Posted by: Judy Truett | December 26, 2006 1:30 PM
Mr Kenney,
I do believe that Mr Gorian was a "good guy," and there's a real sense that you respected the man. But one man does not make an entire agency. There's good and there's bad. Yes, Mr. Gorian didn't want a democratically elected prime minister overthrown, that's good, it sounds as if your "uncle" had some moral fiber. But in the end Mossadeq was overthrown, and the agency prevailed, for awhile that is.
My father spent most of his career working for the FBI. He too appeared to have morals. He was a straight arrow, you got a sense that he was always "by the book." Unfortunately, he was so straight, as he explains it, that this moral fiber cost him from ever becoming the top guy of a field office. In the end, 'telling the truth' ruffled the wrong feathers in Washington. There are people who are acting in the interest of the public and there are ones who will lie, bend reality, and kill in order to serve the interests of a much smaller minority. As good historians have shown, the latter group of people tend to dominate the structures of power.
I to wish to believe that the CIA and the FBI and the NSA are looking out for the american peoples best interests. Sadly, only the naive continue to wear the flag while believing that this country truly loves them, and will protect them and only wants the best for them and their children. That may be true for the top 1% or maybe even for just the top 0.10%, but for the rest of us the reality is, that it's a mirage. For evidence I cite the writings of Gore Vidal, Noam Chomsky, Tariq Ali, Vandana Shiva, and the other historians who back up their claims with documentation from the National Security Archive.
Mr Kenney, you seem like an intelligent, and thoughtful man, and I thoroughly enjoy your podcasts. I have to say though that I have trouble with your assessment that the halls in Langley are crowded with well-intentioned men who only wish to serve our benevolent rulers. Mr Gorian sounds like he was a good man, but can you really say that the agency is bursting at the seams with well intentioned people? That I am afraid would be contradictory to what constitutes that agencys real mandate.
Tony L
p.s. You for one, know better than the rest of us, what transpired in Kosovo.

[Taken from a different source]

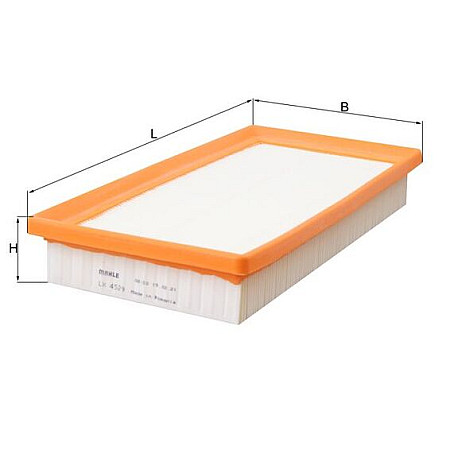 Filtru aer LEXUS ES UX SUZUKI ACROSS TOYOTA C-HR CAMRY COROLLA HIGHLANDER MIRAI RAV 4 V 1.2-Electric 12.14- TOYOTA COROLLA (_E21_), Turism, 02.2019 - KNECHT LX 4529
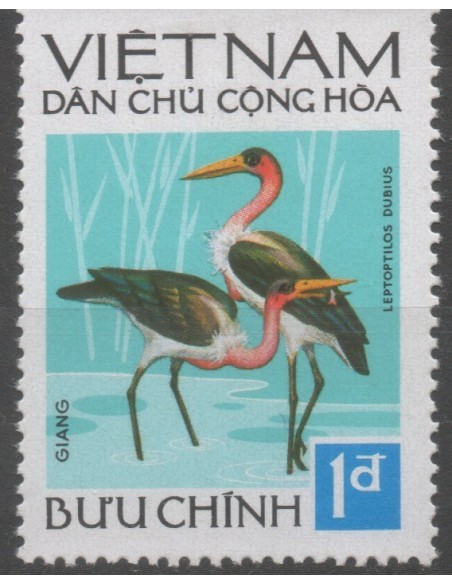 Rep Soc Viet N° 0530 Neuf *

Posted by: Tony | December 26, 2006 10:17 PM
I second Tony's comment. Yes, the CIA has good apples amongst its ranks, but its overall effect is that of a rotten apple. The world would be a better place without the CIA/MI6/DGSE/KGB/Mossad. Sure, they’ve had their uses at times but they are basically instruments of state-sponsored terrorism. Let us not forget Operation Northwoods, Operation Gladio, USS Liberty, Mossadeq, Gulf of Tonkin, the Moscow 1999 bombings etc… And this is only what we know about.